Team needs to work on all aspects of the game and aim to contain England’s experienced batters in a high-stakes clash
India Women's fortunes have plummeted alarmingly over the last two years. In the interim, West Indies has leaped ahead and teams like South Africa and Pakistan are fast catching up. Therefore, it was imperative for India to start well against Sri Lanka, a team against which it has had more success than any of the other big teams in recent times.
But lax fielding and poor shot selection proved its downfall, resulting in a 22-run loss, leaving India Women with a mountain to climb against England in its second Group B fixture of the ICC Women's World Twenty20 2014 at the Sylhet Divisional Stadium on Wednesday (March 26).
With that kind of margin, all departments of the game are bound to come under scrutiny. But the one blaring truth was the poor fielding standard. The unit looked haggard and two dropped chances at vital times didn't help the cause. India captain Mithali Raj was the first to put her hand up for the disappointing show, but didn't put it beyond her young team to fight back.
"The fielding lapses have proved costly for far too long now," Raj observed. "We definitely need to improve. Also, we don't play too many games under lights, so it's good exposure for us, a chance to get used to it. Overall, I think we're still capable of playing well and winning. What we need to now start doing regularly is seizing the key moments under pressure.

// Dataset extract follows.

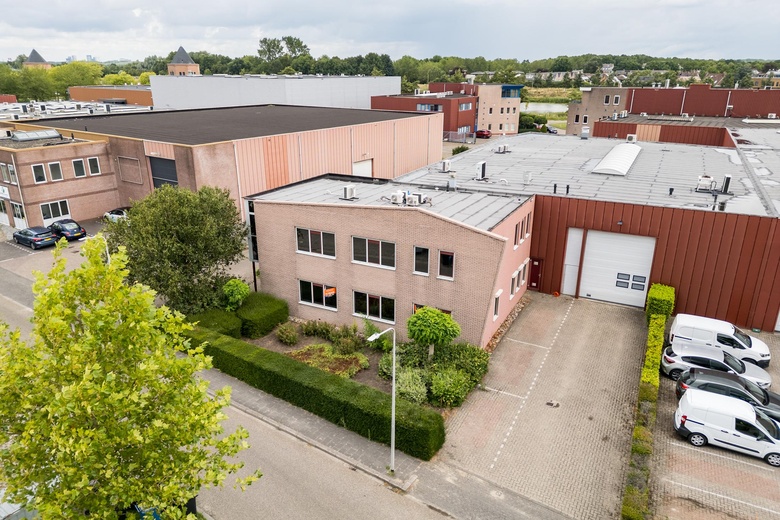 BedrijfsruimteaanBergveste 12<br/> inHouten BedrijfsruimteaanBergveste 12<br/> inHouten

"We've somehow slipped in that department time and again. If we can do that, I'm sure the results will go our way. I think our problem is more in the mind, but with the amount of games we play, it's tough to work on those aspects."
Jhulan Goswami's vast experience will stand the team in good stead but her inability to strike upfront with the new ball as often as she has in the past has been a worry. Despite that, where India scored on Monday was its ability to chip away at the wickets every time a partnership was brewing.

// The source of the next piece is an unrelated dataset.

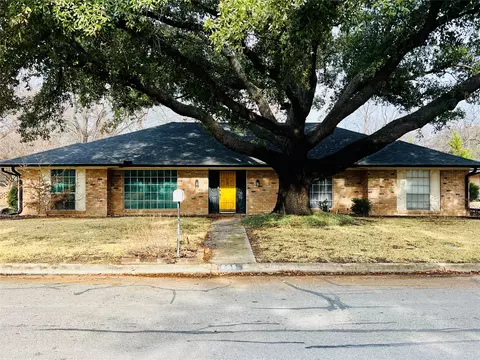 809 Brook Hollow St, Brownwood, TX 76801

The spinners, although not threatening, were steady and largely stuck to good lines and lengths. On a number of occasions, they even forced the batters to play one big shot too many, which came out due to the pressure. The batters, though, need to step up and reduce the weight of expectation on Raj and Harmanpreet Kaur.

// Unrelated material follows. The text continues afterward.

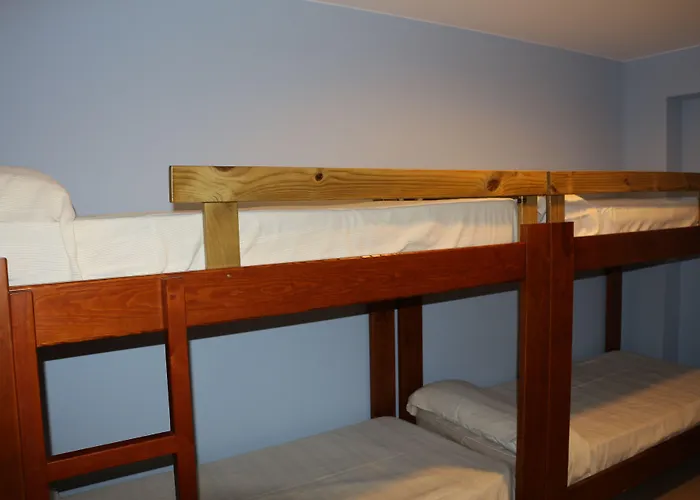 Hostel Albergue Zaragoza Camping Saragossa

England too has a few holes to plug. One would assume having two of the top three batters in the T20 International rankings – Sarah Taylor and captain Charotte Edwards – would leave the team with little to worry about, but that’s far from the truth. Although it has a reservoir of experience to bank on in the batting department, the lower order looks out of depth, perhaps an area India should look to exploit.
The team’s best bowler in recent times has been Katherine Brunt, but her injury has meant Anya Shrubsole and top-ranked T20I bowler Danielle Hazelle have had to carry the bowling attack, particularly with two young spinners – Jodie Dibble and Rebecca Grundy – still inexperienced.
Grundy picked up a wicket and conceded just 20 off her four overs against the West Indies on Monday, while Dibble, who went for 21 off her two, came under fire from Stafanie Taylor and Kycia Knight. But Edwards felt they needed time to mature and won't be judged on the basis of one outing.
"I thought Grundy did very well, Dibble was a touch expensive, but we're looking at them to definitely do a lot more work in the tournament once the wickets start to take later on," said Edwards. "On these wickets, I think it's important to score runs upfront, it gets really tough to score towards the end."
England has plenty at stake, for a new era was ushered in just before it set out for the World T20. Twin Ashes wins in a span of six months made them the first professional women's cricket team. While that has paved the way for central contracts and bonuses, it brings with it added pressure, and Wednesday could be tough examination.
India: Mithali Raj (capt), Harmanpreet Kaur, Smriti Mandhana, Madhuri Mehta, Latika Kumari, Karuna Jain (wk), Jhulan Goswami, Gouher Sultana, Soniya Dabir, Shikha Pandey, Poonam Yadav, Sravanthi Naidu, Shubhlakshmi Sharma, V Vanitha.
England: Charlotte Edwards (capt), Sarah Taylor (wk), Tammy Beaumont, Kate Cross, Lydia Greenway, Rebecca Grundy, Jenny Gunn, Danielle Hazell, Amy Jones, Heather Knight, Natalie Sciver, Anya Shrubsole, Frances Wilson, Jodie Dibble, Georgia Elwiss.